REST remains the safest choice for most applications due to its simplicity, predictability, and extensive industry adoption. Scalability challenges are well-documented, with countless resources offering proven solutions. The mature REST ecosystem provides powerful tools like Swagger, OpenAPI, and Speakeasy, a tool that automatically generates SDKs from an OpenAPI specification.
If real-time interactions are a priority, WebSockets and SSE offer efficient solutions to complement REST. Other standards are valuable but often better suited to specific use cases.

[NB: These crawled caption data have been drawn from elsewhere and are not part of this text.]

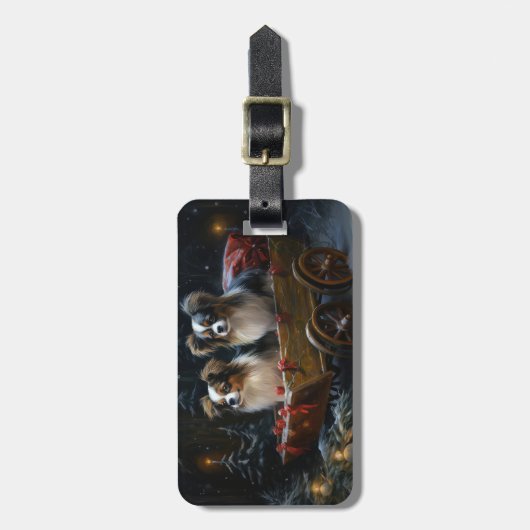 パピヨンスノースイクリスマスデコール ラゲッジタグ (正面縦)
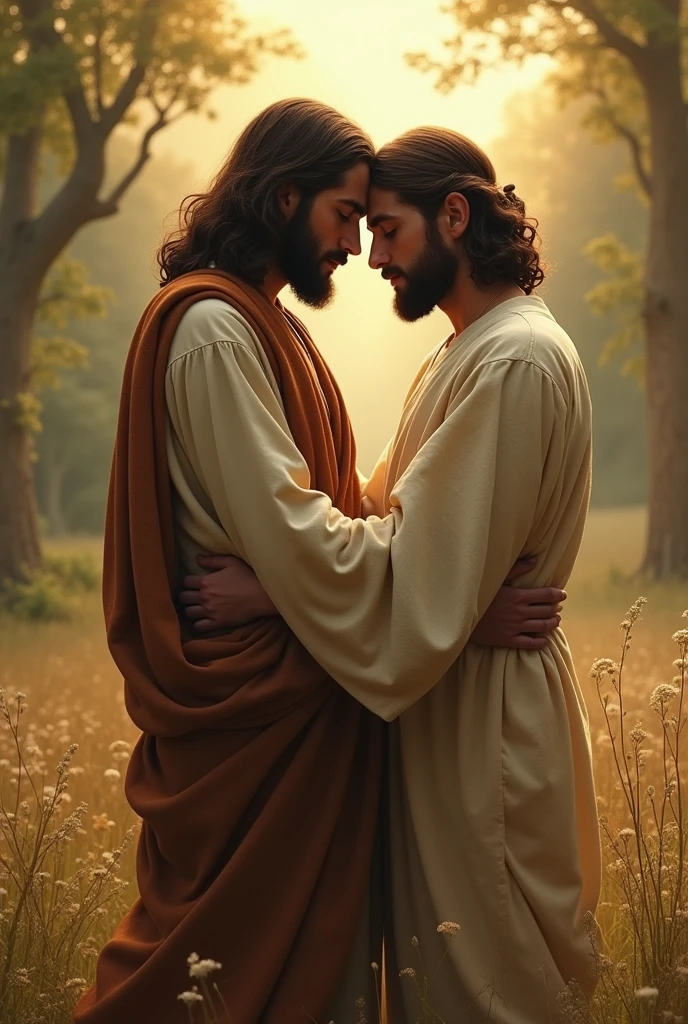 Image of Jesus walking BACK TO BACK hugging a son or a man BACK TO BACK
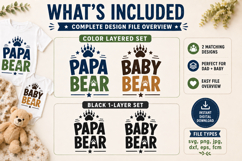 Papa Bear Baby Bear Matching Dad and Baby SVG File Product Image 4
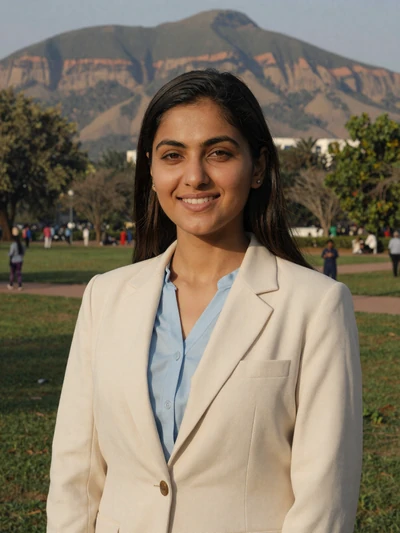 Hira, 30, Pakistani professional woman from Islamabad in park with Margalla Hills backdrop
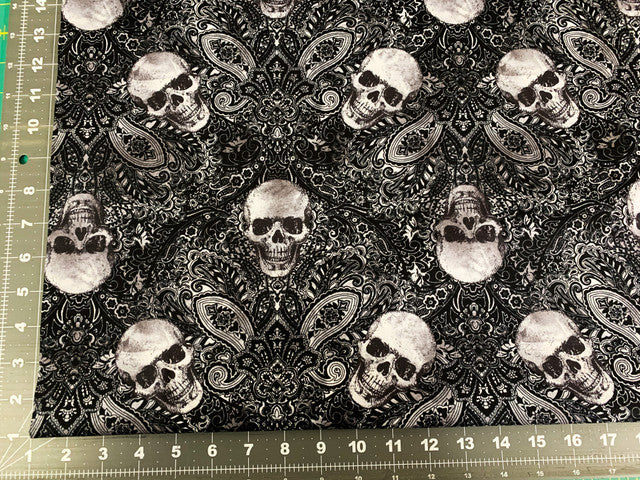 Wicked Skull fabric C7887 Skull bandana fabric damask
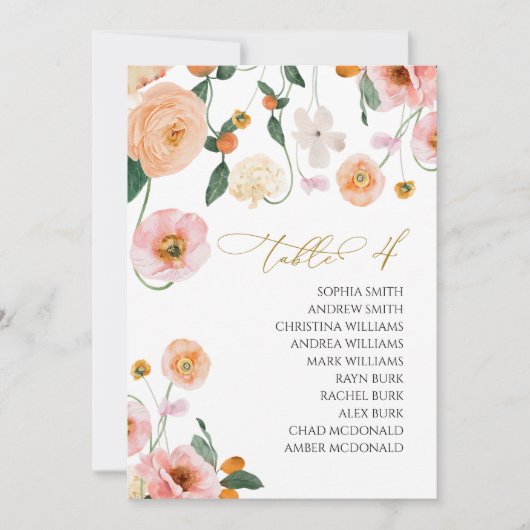Pink Poppy Hochzeit Tischnummer 4 Sitzplan (Vorderseite)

To simplify the decision-making process, we’ve created a flowchart-style framework to help you identify the most suitable architecture based on your project’s requirements. This is complemented by a decision table that maps everyday use cases to recommended architectures with concise justifications.
Decision flowchart
Decision table
Scenario | Recommended architecture | Why? |
---|---|---|
Building a basic CRUD API | REST | Simple, widely supported, and intuitive for basic client-server communication. |
Large-scale, real-time collaboration | WebSockets | Supports bidirectional, low-latency communication, ideal for applications like Slack. |
Real-time updates, unidirectional | SSE | Lightweight and easy for server-to-client real-time updates. |
Highly flexible data retrieval | GraphQL | Allows clients to fetch only the needed data, reducing over- and under-fetching. |
Performance-critical microservices | gRPC | Binary serialization with Protobuf ensures low latency and high throughput. |
Enterprise-grade financial system | SOAP | Provides transactional integrity, built-in security, and reliable messaging. |
Multi-client application with evolving needs | GraphQL | Adaptable to various client needs without requiring API versioning. |
How to use the framework
- Follow the flowchart to narrow your options based on project requirements.
- Use the decision table to confirm the best fit for your specific scenario.
By understanding the trade-offs and aligning your choice with your application’s goals, you can make an informed, pragmatic decision.